Realizar uma volta pelo Centro Histórico de Braga, à procura da melhor prenda de Natal, alimenta-nos a memória de momentos que gostávamos intermináveis.

Enquanto caminhávamos, tantas, tantas vezes nos sentimos a desamarrar daqueles seres que num momento ou outro nos elevaram o olhar para um céu que se descobriu sobre o nossos olhos mas escureceu.

Zarpamos nesse ritmo que nos fez acreditar de novo que os sonhos são apenas pedaços de realidades a construir...
Algumas vezes recordamos os passos que demos em silêncio percebendo que chegou a hora de esquecer a história que, nos tais momentos, nos pareceu tão doce, tão certa, tão nossa...

Raramente acontece mas, às vezes, sentimos que aprendemos, vivemos e chegou na hora de deixar partir ou de simplesmente largar a nossa mão de um aperto cada vez mais frio e frágil...

Por isso, palmilhamos o caminho de regresso ao som das portas e embalados pelas varandas tendo deixado no ponto onde nos encontramos connosco as saudades e as dores de mais uma história que perdeu validade...

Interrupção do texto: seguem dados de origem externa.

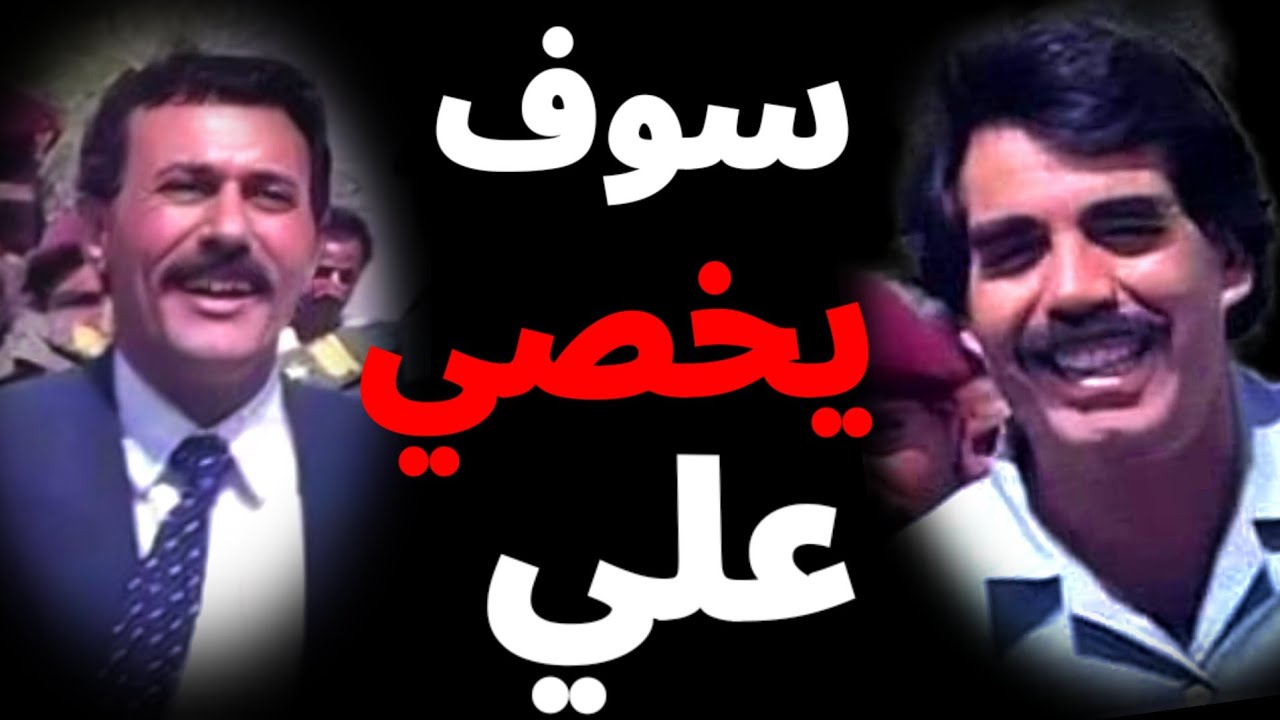 القصيدة التي تنبأ فيها البردوني بالانفصال وأن الوحدة اليمنية لن نستمر || شاهدوا ماذا قال ؟!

Outrora ali voltamos, inconscientes de que a vida continuará dolorosamente injusta e arbitrária...
Rezamos, junto aos Calvários da Semana Santa, ou entramos nas Igrejas só para olhar para a multidão de Cristos crucificados e perguntar-lhes: por que me fazes isto? Todos ficaram calados.

Tivemos outras vezes em que os nossos pés, descalços, semi-calçados e calçados percorreram diversas estações num percurso que nos leva e nos traz sem nunca largarem no tal ponto coisa nenhuma.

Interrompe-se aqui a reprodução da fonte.